Conventional transistor gate electrodes may employ a hard mask or etch stop layer, such as a silicon nitride layer, over a polysilicon gate layer to protect the gate layer during a subsequent etch, such as source/drain contact etch which might short the gate electrode if it is exposed. In the conventional subtractive process, the gate layer and then the etch stop layer are deposited in succession and etched together after a single lithographic operation to form a gate electrode stack.
As a departure from such subtractive gate electrode processes, replacement gate processes are becoming methods of choice for advanced transistor fabrication. A replacement gate process typically employs a dummy structure or mandrel around which other transistor features, such as dielectric spacers and doped substrate regions, are formed. Eventually, the mandrel is removed and replaced with a gate electrode material, such as a metal, having properties suitable for a high performance transistor.

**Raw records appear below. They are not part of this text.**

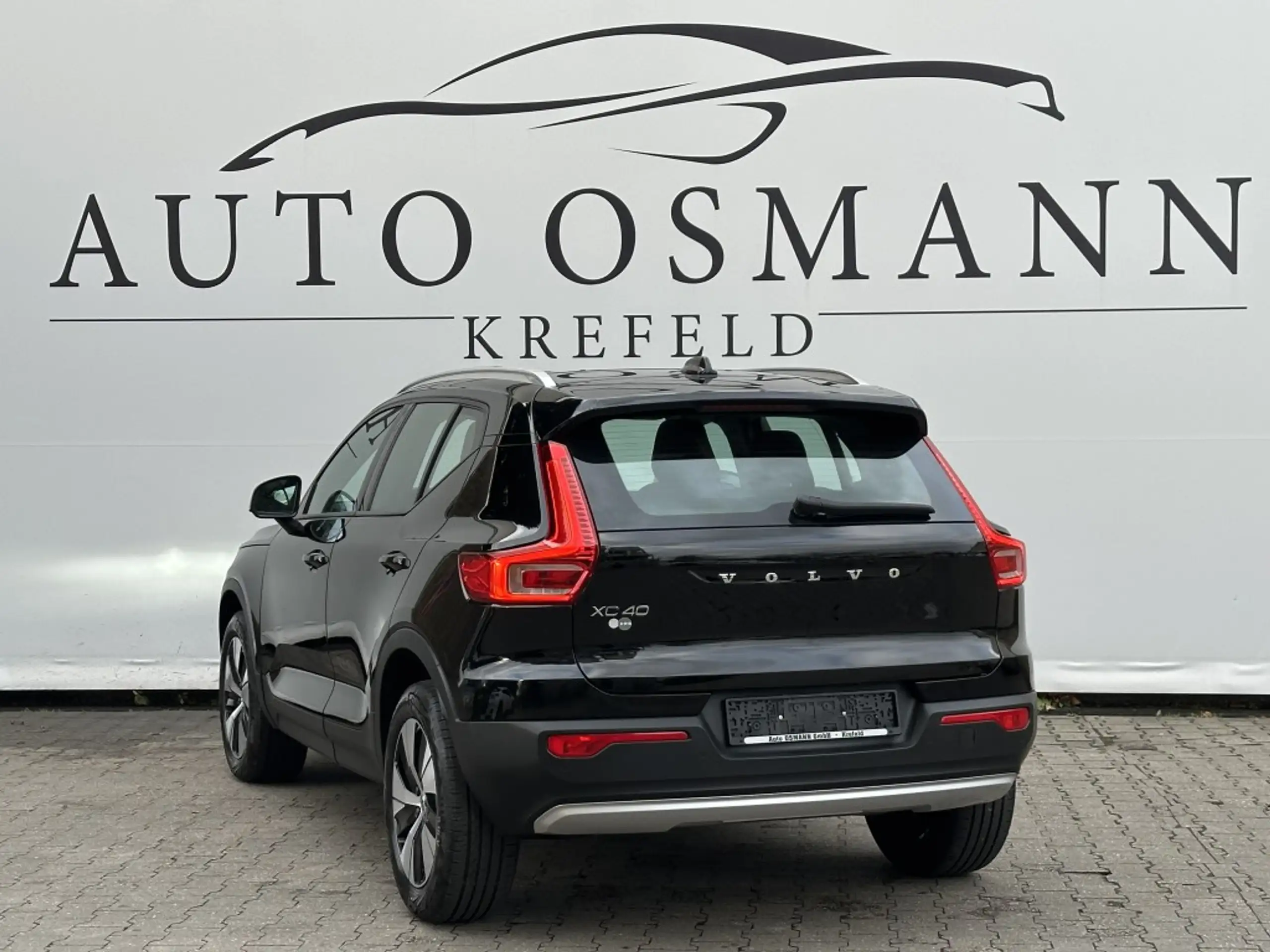 Volvo - XC40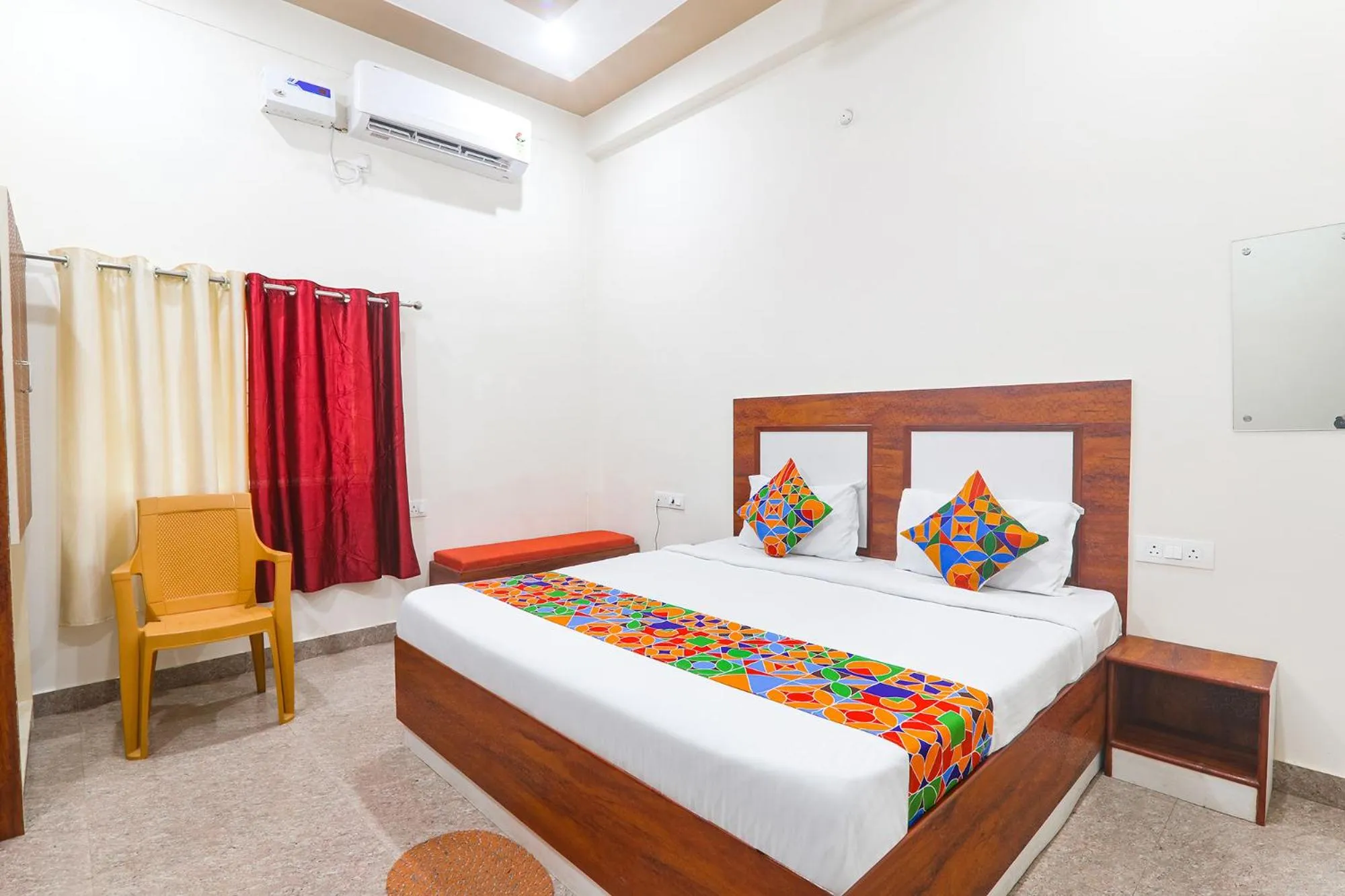 Bed in FabHotel Shree Venkatesh Nileyam - 300m from Ram Janam Bhumi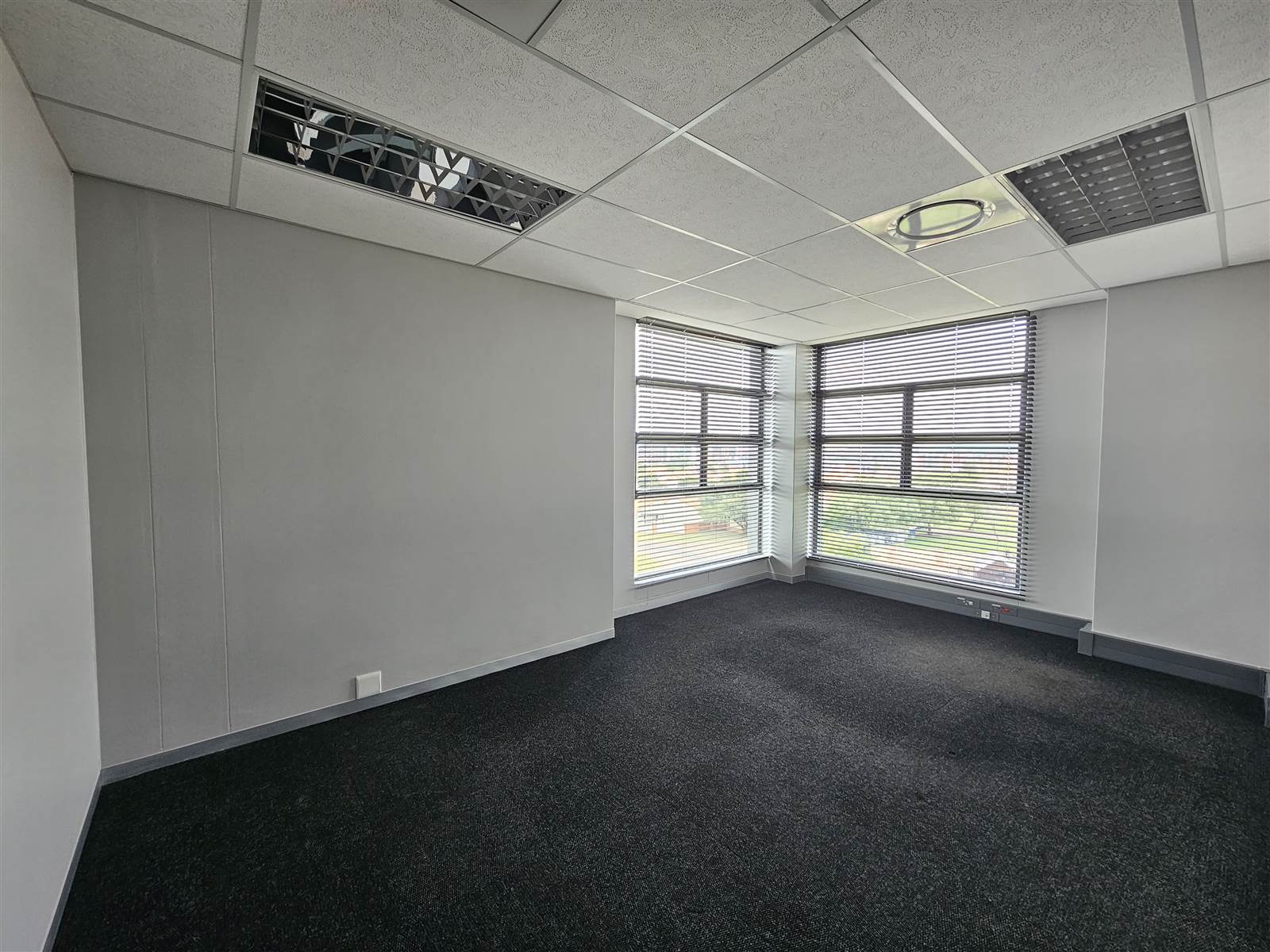496  m² Commercial space in Highveld photo number 27
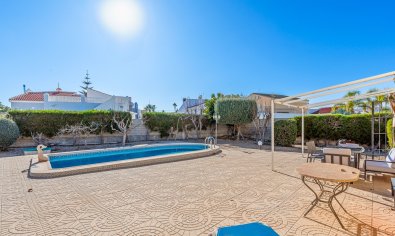 Bestaande bouw - Villa -
Torrevieja - La Siesta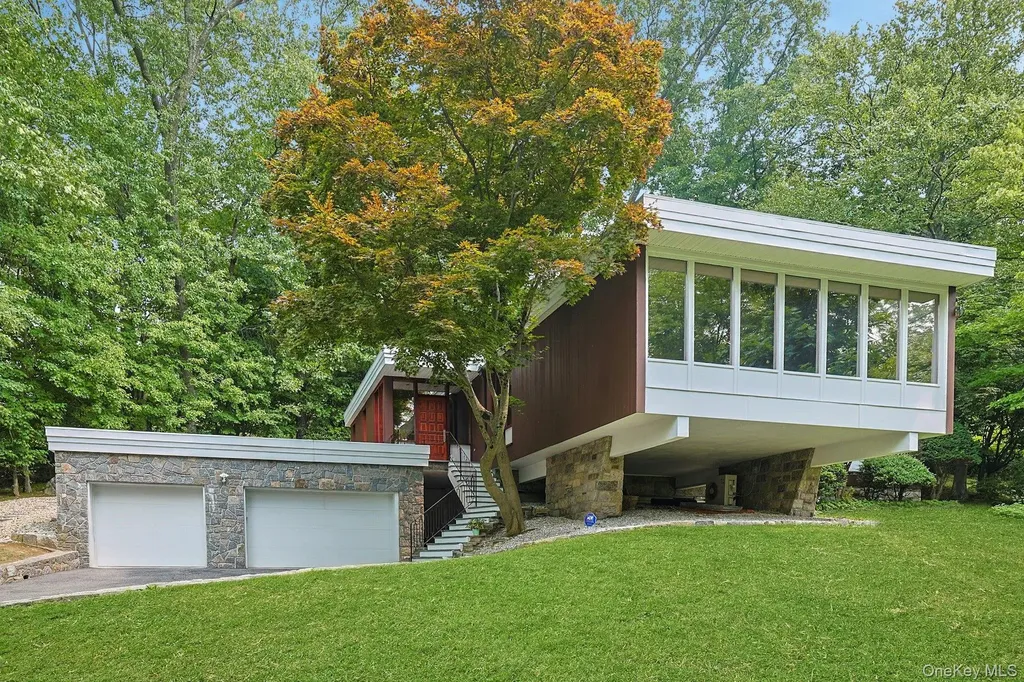 20 Sprain Valley Road Scarsdale NY 10583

However, replacement gate electrode processes, being additive, do not lend themselves well to incorporation of a stop layer over the gate layer. For example, the replacement gate layer may be deposited and planarized, but it is difficult to polish back a dielectric etch stop layer deposited as an overburden of the gate layer deposition. Such processes will generally leave some gate layer exposed. Alternatively, if a dielectric layer is deposited after a gate electrode material is planarized, that dielectric layer then needs to be patterned such that it provides an etch stop layer over the entire gate electrode surface while not extending a significant amount into other device regions, such as over a source or drain of the transistor. Any such patterning of the etch stop layer necessitates an additional lithography operation with associated alignment tolerances and costs.